## What the exercise asks
Everything in the listing below should be written out again exactly, except the pictures.

## Source data
◇ ◇ ◇ ◇ ◇ ◇ ◇
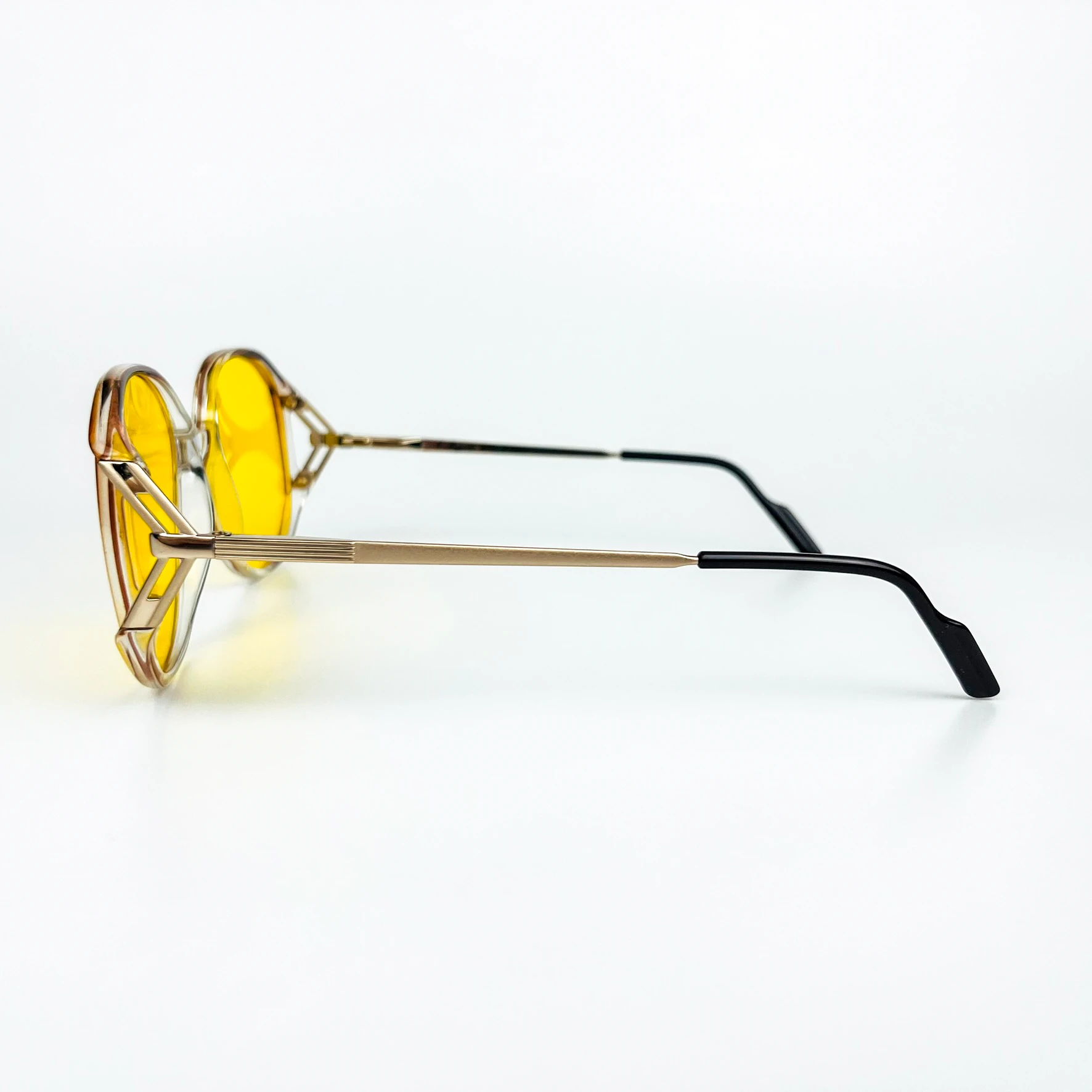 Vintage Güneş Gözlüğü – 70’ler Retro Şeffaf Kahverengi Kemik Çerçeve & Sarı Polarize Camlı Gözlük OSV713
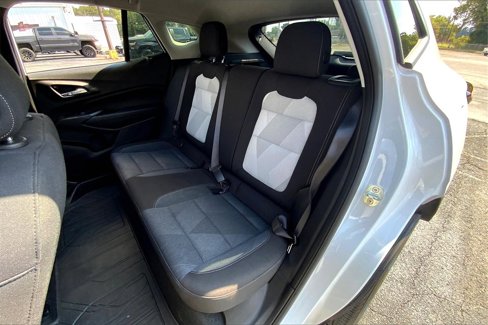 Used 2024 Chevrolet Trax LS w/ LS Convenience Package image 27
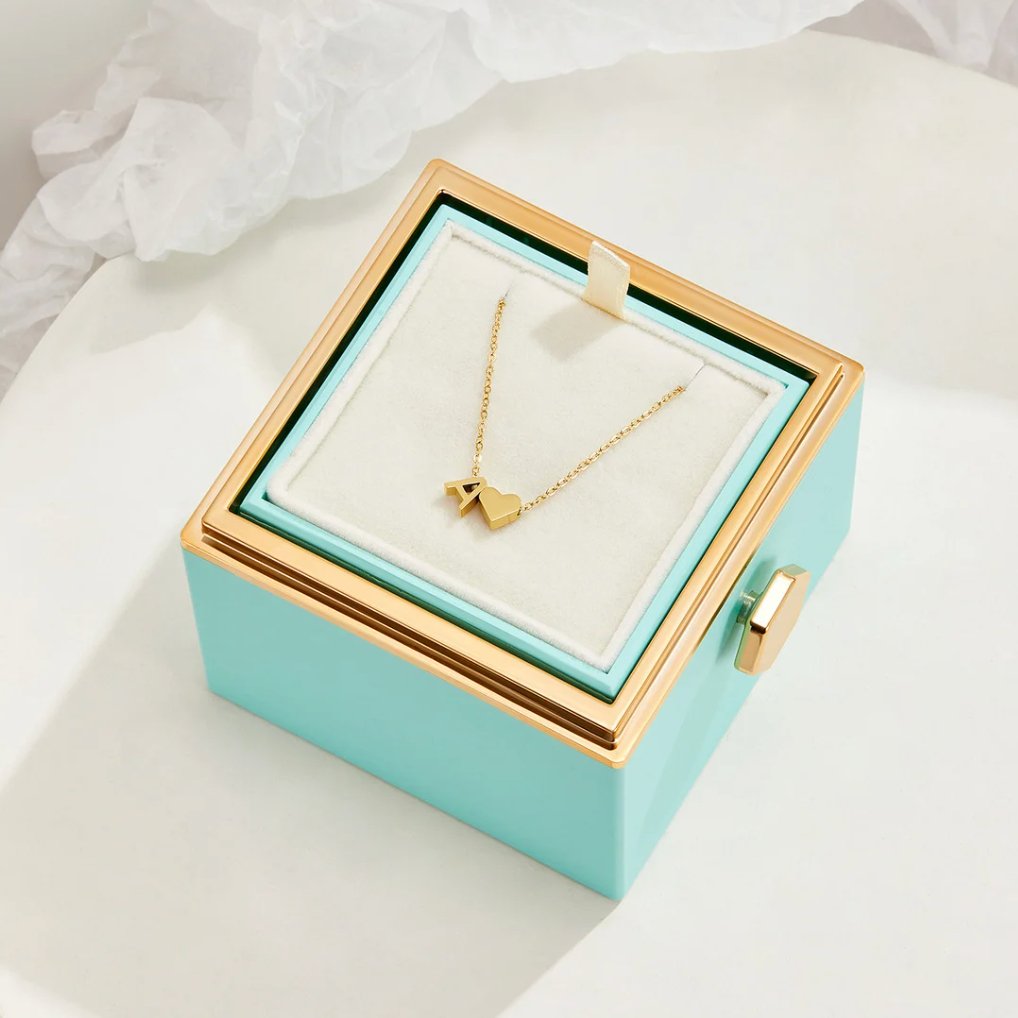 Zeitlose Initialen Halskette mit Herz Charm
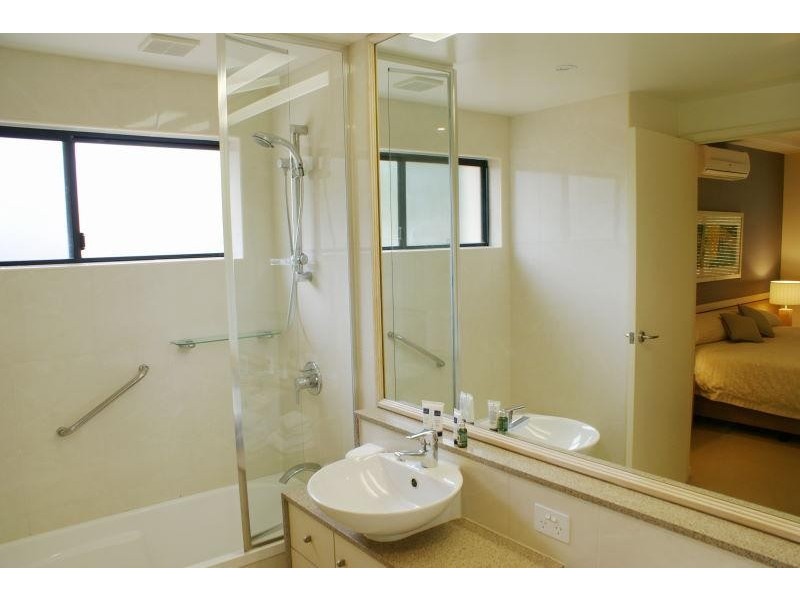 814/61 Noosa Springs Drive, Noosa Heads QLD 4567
◇ ◇ ◇ ◇ ◇ ◇ ◇
## Expected answer
 Vintage Güneş Gözlüğü – 70’ler Retro Şeffaf Kahverengi Kemik Çerçeve & Sarı Polarize Camlı Gözlük OSV713
 Used 2024 Chevrolet Trax LS w/ LS Convenience Package image 27
 Zeitlose Initialen Halskette mit Herz Charm
 814/61 Noosa Springs Drive, Noosa Heads QLD 4567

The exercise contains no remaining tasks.